カラ松が皆と一緒に寝なくなった理由は不眠症になってしまったからだとおそ松は考察する。一緒の布団で一人だけ起きていると彼の隣で眠る一松とトド松が気にして眠れなくなる。弟達に余計な心配を掛けたくないから、彼は怪我を理由にして別室で眠ることを希望したのだと思う。…多分。

――俺達のせいで大怪我してる癖になーに気を遣っているんだか。

兄である自分の前では弱い所をどんどん曝け出してしまえばいいのに。そしたら腕の中でいっぱい泣かせて甘やかしてやることも出来るのに。

甘え下手で困った次男だと苦笑しながらおそ松は頭を乱雑にかき、傷口や骨に響かない程度に彼の肩にゆっくり腕を回して再度明るく声をかける。

「カラ松ぅ〜」

「!?おそ松兄さん…!?なんで…」

触れられてようやくおそ松がそこに居たことに気付いたのかカラ松は目をぱちくりとさせ、どうして寝てないと言いたげな目線を送った。

「いやー、今日はお前と一緒に寝ようと思ってさー。
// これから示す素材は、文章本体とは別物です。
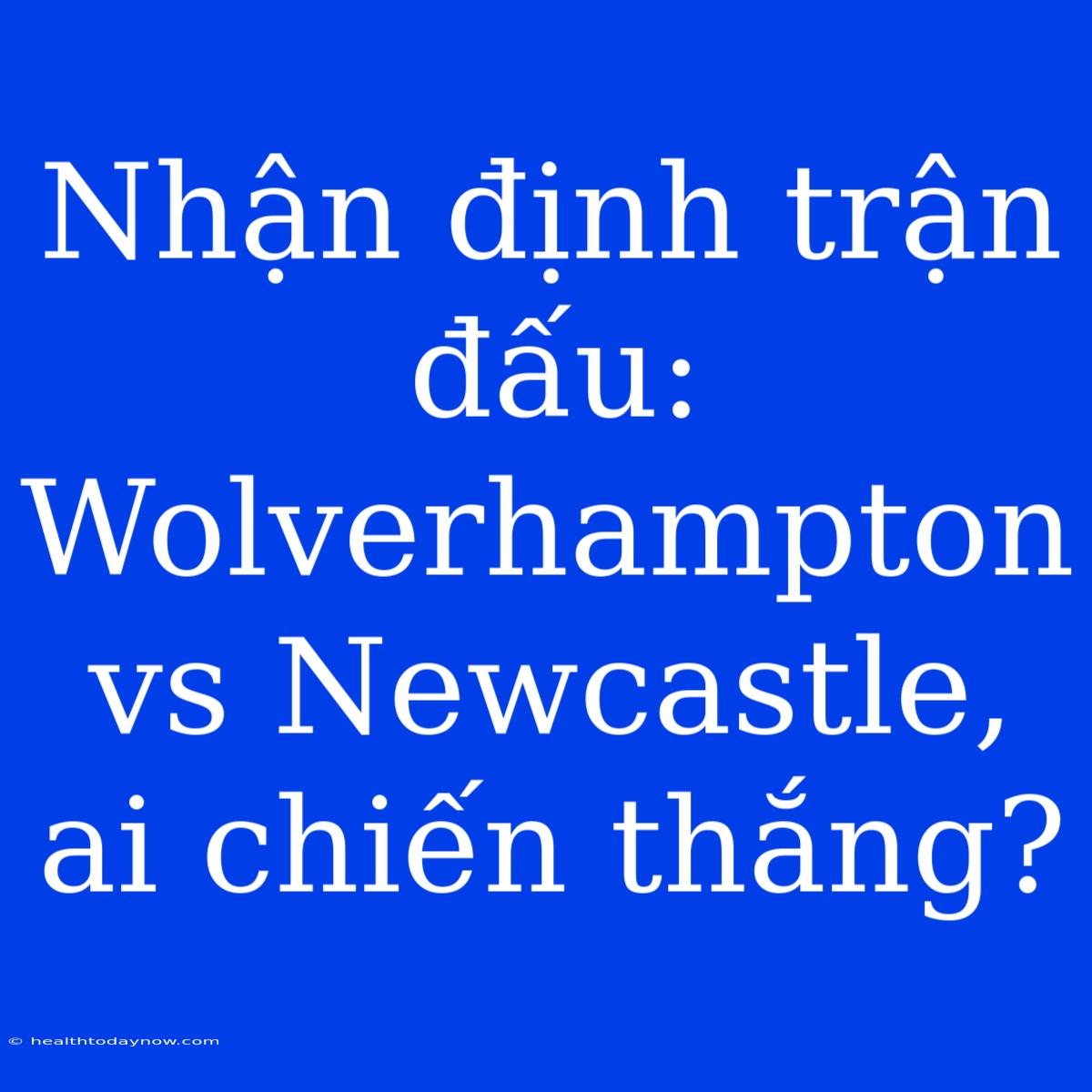 Nhận Định Trận Đấu: Wolverhampton Vs Newcastle, Ai Chiến Thắng?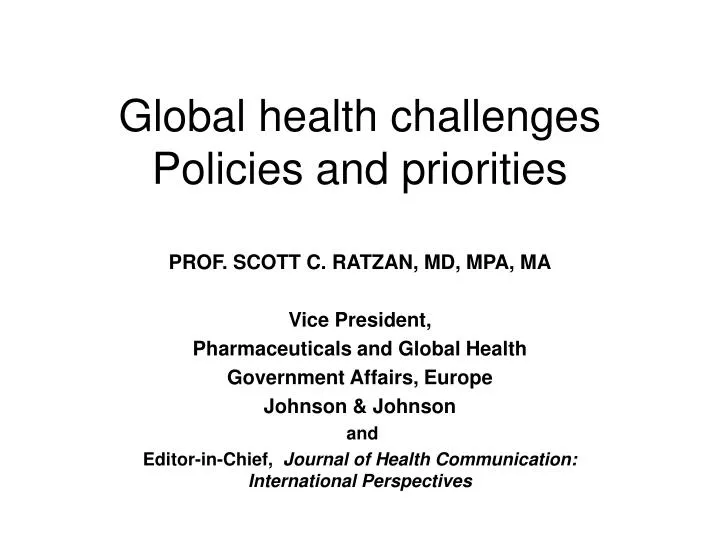 global health challenges policies and priorities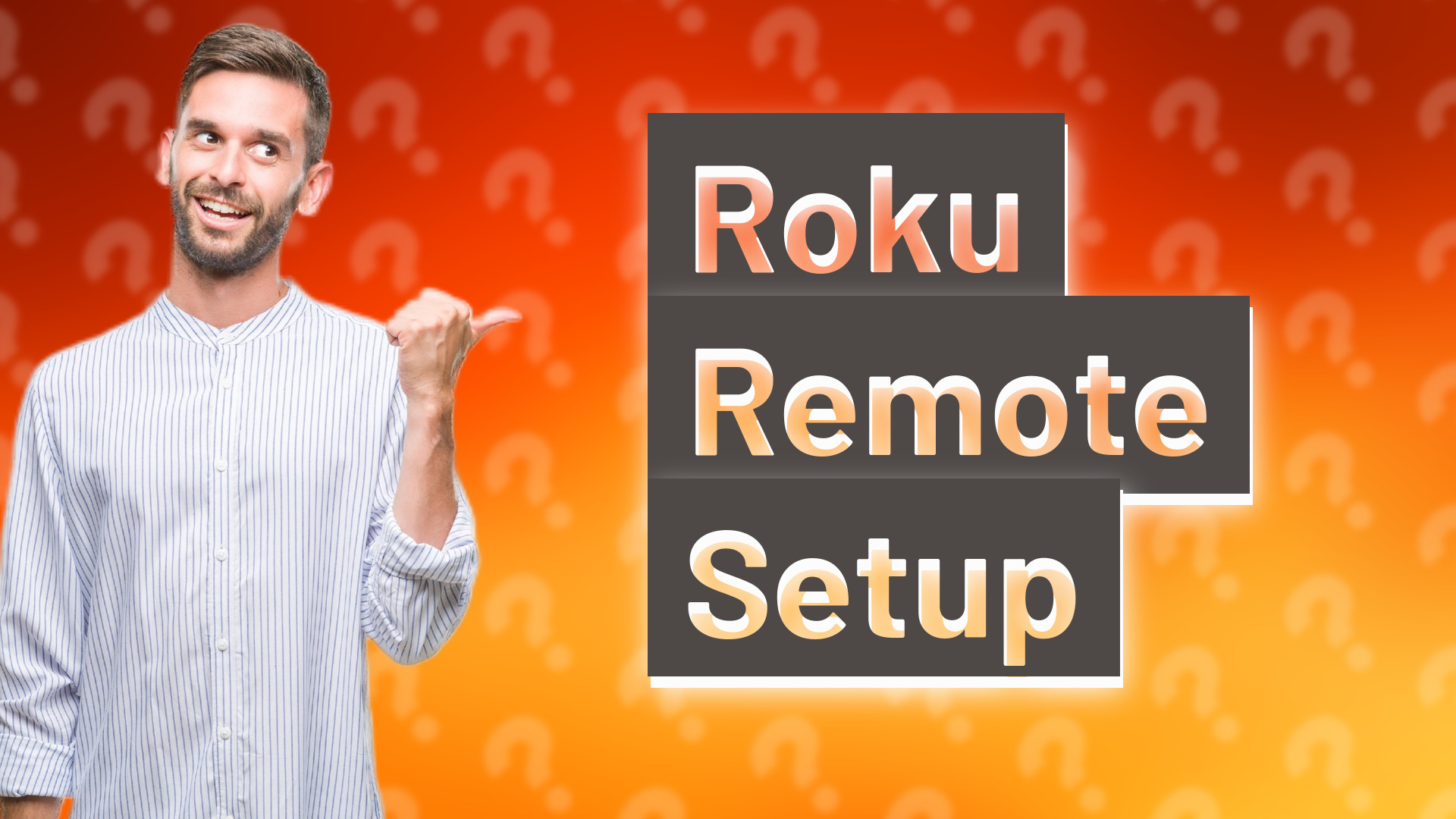 Roku Remote Setup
なぁ隣に布団敷いていいか?」

「えっ……、あ、いや…」

一瞬カラ松の肩がビクリと拒んだがすぐ普段通りの厨二病の態度を演じ月夜をバックにフッと微笑む。

「すまない兄さん。今日の俺は孤独を愛する男なんだ。悪いが一人にさせてくれないか?」

「……」

予想はしていたが、案の定断りやがった。しかも相手がわざと苛つく言葉を選んで。だがおそ松には分かっている。それがカラ松の拒み方だと。厨二病を発揮させれば大概の人は自分から遠ざかる。そのことを彼は熟知してるからわざとそう演じるのだ。

だから…――。

「…駄目だ。一人にしたらお前また朝方まで起きてるだろ」

「……っ」

カラ松の拒絶をバッサリと却下し、彼の隣に腰を降ろし胡座をかく。自分の言葉に彼はあからさまに動揺を露にし、額から冷汗を流す。まさかこいつ、不眠症だということを隠し通しているつもりだったのか?

おそ松はずっと気になっていた不眠症の理由を聞こうと軽い調子で訪ねてみた。

「どした?最近眠れてないみたいだけど」

「…え?」

「傷や骨に痛んで眠れないのか?」

「えっ!?あ、ああ!そうなんだよ!流石の俺もこの傷の痛みには耐えられなくてなぁ。本当参ったもんだ。あはっ、ははははっ」

「嘘だな」

「はっ……」

誰がどう見ても嘘だと分かる。しかも今のは、仮にも元演劇部だというのに、あまりにもお粗末な演技だった。本当にこいつ演劇部だったのかなー?と疑問を抱きながら、固まるカラ松の頭をポンッと軽く手を置いた。

「相変わらず大根役者だなー。そんなんで俺に誤魔化しがきくとでも思ったのかよ」

「な、何言っているんだよおそ松兄さん。俺は本当に怪我で眠れなかっただけ…」

「だったらお前、なんで最近目を覚ました途端慌てて飛び起きる訳?」

「――……っ」

おそ松の疑問の言葉にカラ松の目は大きく見開いて、沈黙する。